The child and his hopelessly condemned pet.
The child and his hopelessly condemned pet.

BEDFORD, MA—According to sources within the Bennett household, a short-haired and utterly doomed rabbit named Oreo was recently purchased in order to teach the family’s 8-year-old son, Toby, about patience and responsibility.

The ill-fated, 6-pound pet, which parents John and Kathryn Bennett had hoped would foster cognitive, social, and emotional growth in their child, is reportedly condemned to perish in less than two months from a combination of negligence and abuse.

“Toby is going to learn so many valuable lessons by taking care of Oreo,” Kathryn Bennett said of the hopeless creature soon to be subjected to increasingly unlivable conditions without any means of escape, until the morose rabbit dies prematurely and is buried in the backyard. “We are confident that Toby will become a self-reliant child capable of taking on more responsibilities.”

“Plus, it’s nice that we're giving the rabbit a good home,” Bennett added incorrectly. “It’s really a win-win situation.”

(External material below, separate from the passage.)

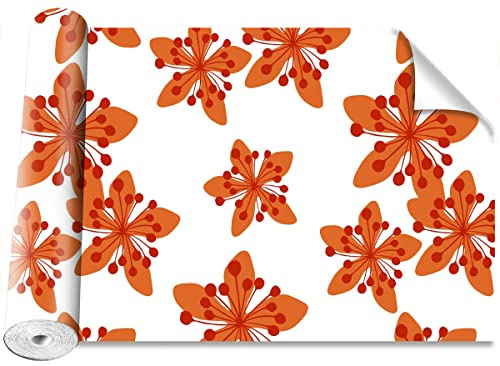 Tulup 3D Wall Art for Living Room Wallpaper Roll Kitchen Bedroom Wallpaper On The Wall Modern Murals 40.1x27.56 in/104x70 cm - Floral Pattern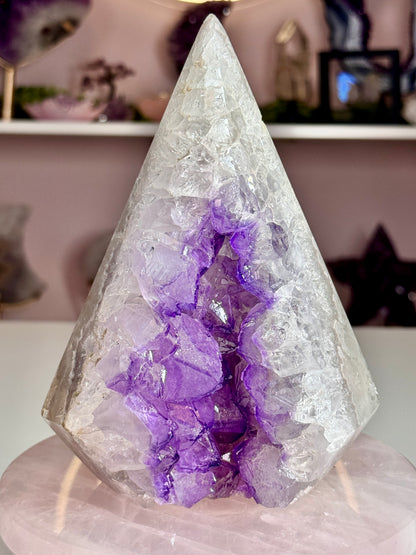 Amethyst & Agate Druzy Pyramid | Purple Crystal Pocket with Sugary Sparkle ⭐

John Bennett told reporters that feeding and cleaning up after the irreversibly damned rabbit would help build Toby’s character and establish a deep, rewarding bond between the 8-year-old and the animal certain to succumb to a harrowing and untimely death.

“Not only will Toby gain valuable experience with accountability and discipline, but he’ll benefit from companionship with Oreo,” said John Bennett, referring to the soon-to-be dead rabbit wholly dependent on the careless, inattentive second-grader. “Those two already adore each other.”

While a daily schedule of chores was reportedly created to help Toby care for the needs of another living being, the remiss 8-year-old is fated to complete the tasks less and less frequently in the ensuing weeks as Oreo’s chance for survival rapidly vanishes and the despondent creature edges ever closer to its inevitable demise.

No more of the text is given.